Masyarakat adat memang hanya mengisi lima persen populasi dunia. Namun, mereka adalah penjaga bumi, pelindung lingkungan, menghormati satwa liar, dan memanfaatkan kearifan tradisional yang diturunkan dari generasi ke generasi. Wilayah masyarakat adat hanya 22 persen secara global, tetapi mencakup 80 persen keanekaragaman hayati dunia.

Pada saat sama masyarakat adat menghadapi ancaman internal dan eksternal. Bertahun-tahun mereka berjuang melawan perampasan tanah, penggundulan hutan, pengrusakan ekosistem, dan praktik pertanian dan perkebunan skala industri yang mengabaikan keberadaan mereka.

Saudara-saudara kita ini hidup dalam isolasi, kian terhimpit, dan kehilangan identitas. Kenapa kehilangan identitas? Beberapa elemen komunitas mereka hilang.

Perwakilan Aliansi Masyarakat Adat Nusantara (AMAN), Mina Susana Setra menjelaskan empat elemen penting yang memperlihatkan satu komunitas adalah masyarakat adat, yaitu:

  • Wilayah adat sebagai bentuk pengakuan dan eksistensi di mana masyarakat adat berlindung di dalamnya.
  • Hukum adat yang berlaku dan dihormati komunitas untuk mengatur tingkah laku dan kehidupan.
  • Perangkat adat yang berfungsi bersama pemerintah merencanakan, mengarahkan, menyinergikan program pembangunan yang sesuai dengan tatanan nilai adat masyarakat.
  • Hubungan kuat antara masyarakat adat dengan alamnya.

Saat ini masyarakat adat sebagian besar kehilangan wilayah adatnya.
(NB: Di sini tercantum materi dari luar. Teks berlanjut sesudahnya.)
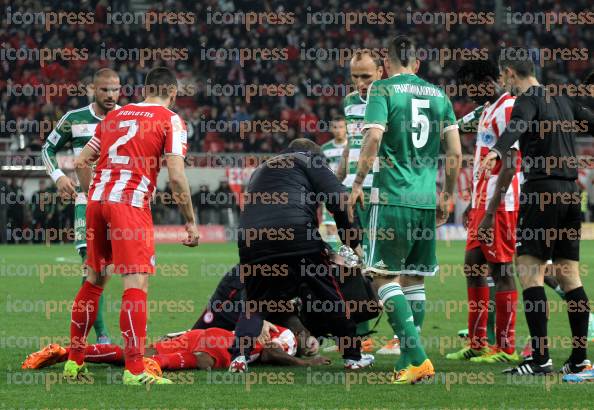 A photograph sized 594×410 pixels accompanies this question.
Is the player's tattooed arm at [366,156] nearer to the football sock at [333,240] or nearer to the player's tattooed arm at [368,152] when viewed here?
the player's tattooed arm at [368,152]

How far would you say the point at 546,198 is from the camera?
7.43 meters

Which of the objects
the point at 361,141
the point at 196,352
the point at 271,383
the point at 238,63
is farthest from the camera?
the point at 238,63

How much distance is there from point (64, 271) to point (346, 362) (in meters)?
10.8

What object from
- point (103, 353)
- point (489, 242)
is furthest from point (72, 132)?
point (489, 242)

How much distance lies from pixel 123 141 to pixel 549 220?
298cm

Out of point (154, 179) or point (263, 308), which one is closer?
point (154, 179)

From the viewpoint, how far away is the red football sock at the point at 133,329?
23.1 feet

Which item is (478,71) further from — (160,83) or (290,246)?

Mereka secara signifikan menderita akibat hutan leluhur yang subur dirampas atau dikonversi untuk berbagai peruntukan oleh pihak-pihak yang mengabaikan keberadaan mereka.
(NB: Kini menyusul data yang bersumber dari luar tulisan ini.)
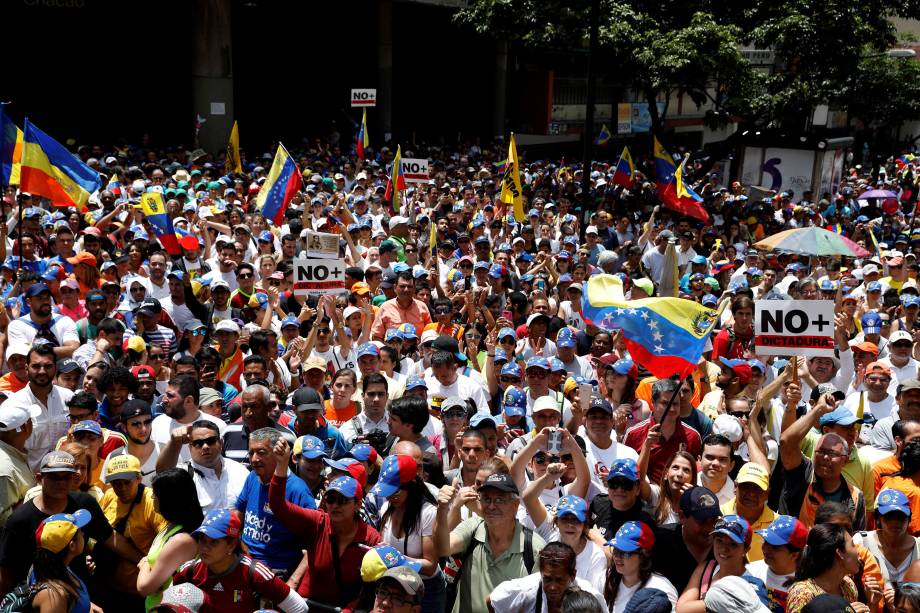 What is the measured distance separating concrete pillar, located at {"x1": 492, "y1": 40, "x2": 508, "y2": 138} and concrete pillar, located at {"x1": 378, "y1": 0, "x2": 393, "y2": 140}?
19.3 feet

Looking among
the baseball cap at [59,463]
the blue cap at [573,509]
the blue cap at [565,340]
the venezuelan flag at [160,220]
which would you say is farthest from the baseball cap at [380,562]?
the venezuelan flag at [160,220]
Kita ambil contoh Suku Anak Dalam yang nyaris kehilangan rimba tempat tinggal mereka. Beruntung pada tahun 2000 pemerintah menetapkan Taman Nasional Bukit Dua Belas sebagai kawasan lindung tempat berdiamnya Orang Rimba.

Cara masyarakat adat memitigasi perubahan iklim

Orang-orang sibuk memikirkan mitigasi perubahan iklim. Padahal mereka tinggal hidup selaras dengan lingkungan sebagaimana dilakukan masyarakat adat. Kita bisa lihat, di mana kelompok masyarakat adat memiliki kendali atas tanah dan hukum adatnya, di sanalah keanekaragaman hayati tumbuh subur.

Kontribusi masyarakat adat memerangi perubahan iklim jauh lebih besar dari yang diperkirakan sebelumnya. Seluruh lahan hutan mereka menyimpan triliunan stok karbon global.

sahkan ruu masyarakat adat

Bagaimana cara masyarakat adat memitigasi perubahan iklim?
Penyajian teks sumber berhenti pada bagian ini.